- _Data supplied_
────────────────────────────────────────
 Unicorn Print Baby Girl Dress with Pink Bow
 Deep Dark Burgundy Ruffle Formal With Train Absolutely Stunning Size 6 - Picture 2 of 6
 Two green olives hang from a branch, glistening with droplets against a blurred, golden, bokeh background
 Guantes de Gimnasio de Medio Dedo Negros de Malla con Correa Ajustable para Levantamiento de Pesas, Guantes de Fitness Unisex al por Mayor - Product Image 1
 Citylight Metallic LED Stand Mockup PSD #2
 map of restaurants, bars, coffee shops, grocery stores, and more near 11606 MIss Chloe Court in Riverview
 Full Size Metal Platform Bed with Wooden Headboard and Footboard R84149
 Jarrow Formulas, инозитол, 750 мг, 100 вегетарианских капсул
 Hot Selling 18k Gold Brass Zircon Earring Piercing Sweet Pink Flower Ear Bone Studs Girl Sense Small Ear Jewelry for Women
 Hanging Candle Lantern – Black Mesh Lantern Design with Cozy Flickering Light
────────────────────────────────────────
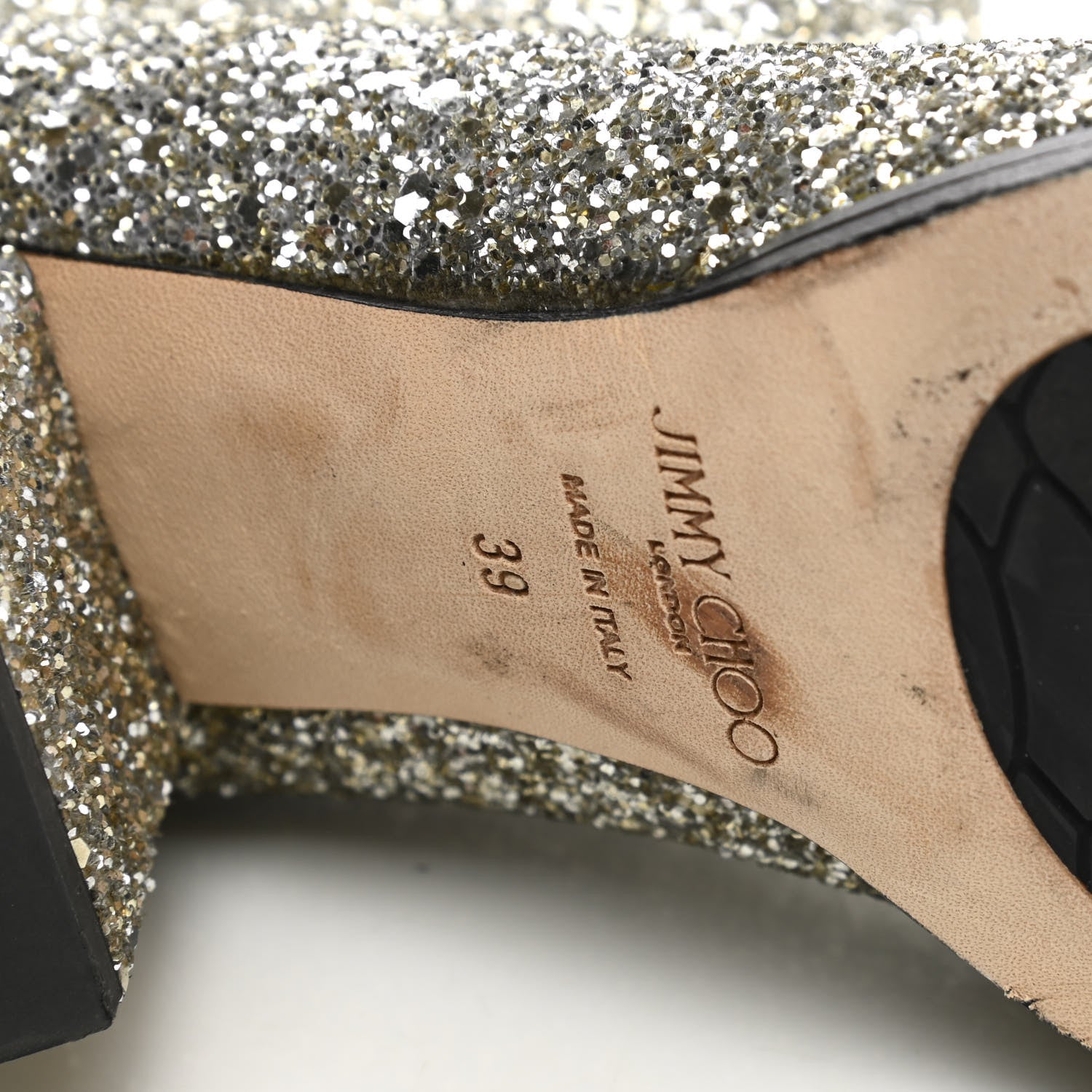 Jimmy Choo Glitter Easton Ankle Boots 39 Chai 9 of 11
────────────────────────────────────────
What do the lines above say from the one containing "Unicorn Print Baby Girl Dress with Pink Bow" down to the one containing "Two green olives"? Return them exactly, both end lines included, and only them.

 Unicorn Print Baby Girl Dress with Pink Bow
 Deep Dark Burgundy Ruffle Formal With Train Absolutely Stunning Size 6 - Picture 2 of 6
 Two green olives hang from a branch, glistening with droplets against a blurred, golden, bokeh background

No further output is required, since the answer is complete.